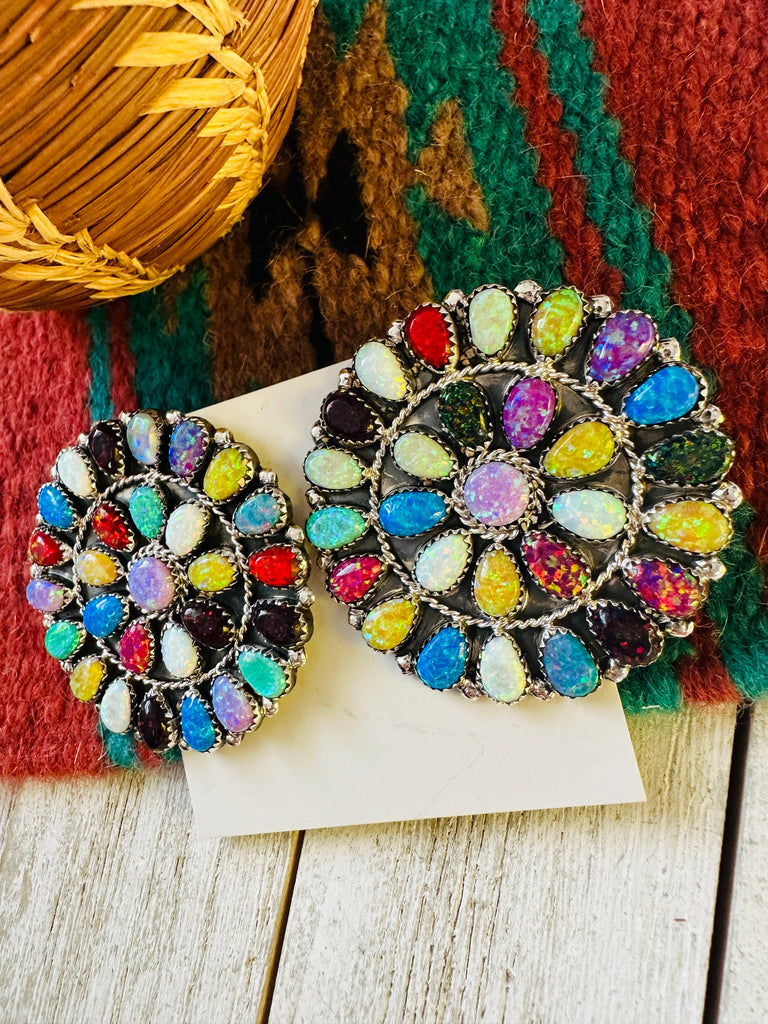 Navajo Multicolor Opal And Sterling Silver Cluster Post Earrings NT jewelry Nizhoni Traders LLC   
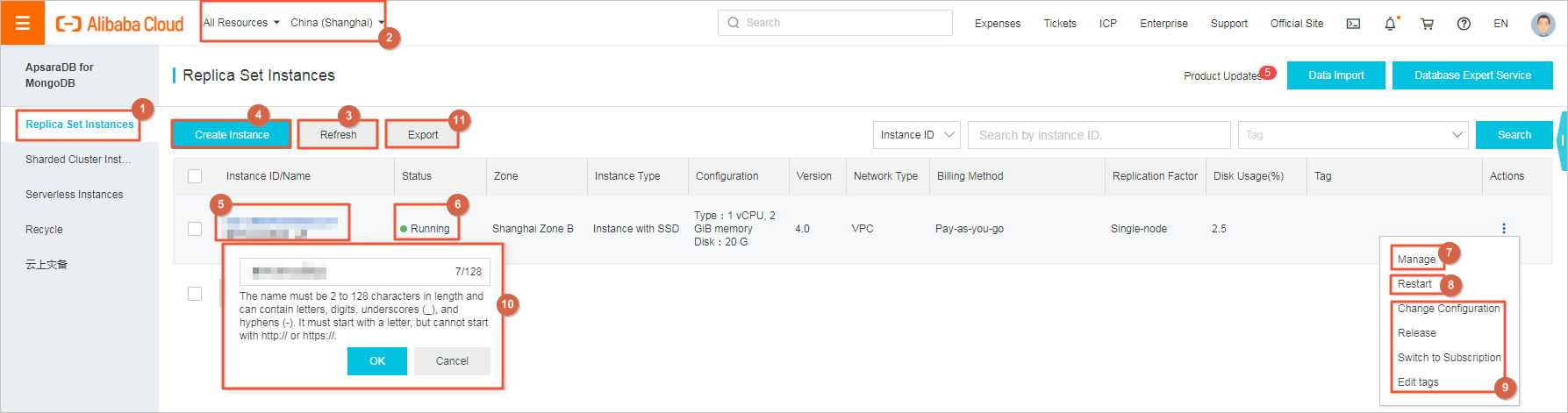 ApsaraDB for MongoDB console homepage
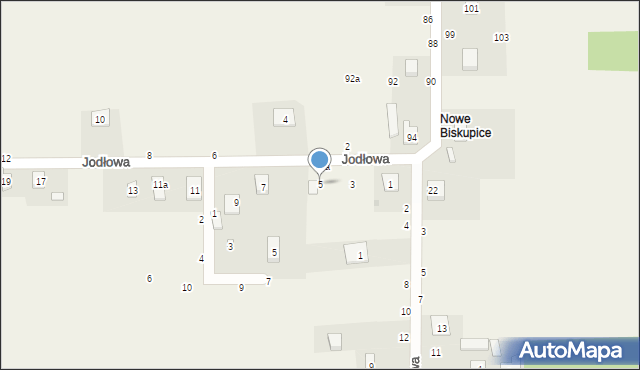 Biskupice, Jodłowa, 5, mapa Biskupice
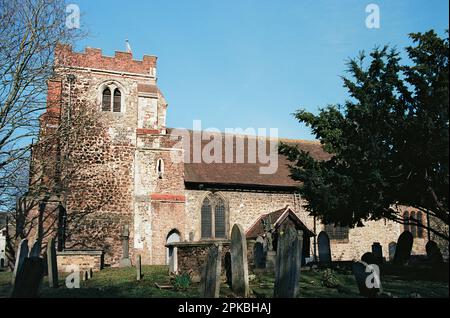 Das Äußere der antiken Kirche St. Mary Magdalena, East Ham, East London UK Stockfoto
- - - -
What the task asks> Each line from the one containing "Biskupice, Jodłowa, 5, mapa Biskupice" through the last line of the listing must be copied exactly, and the pictures must not be.

Task response>
 Biskupice, Jodłowa, 5, mapa Biskupice
 Das Äußere der antiken Kirche St. Mary Magdalena, East Ham, East London UK Stockfoto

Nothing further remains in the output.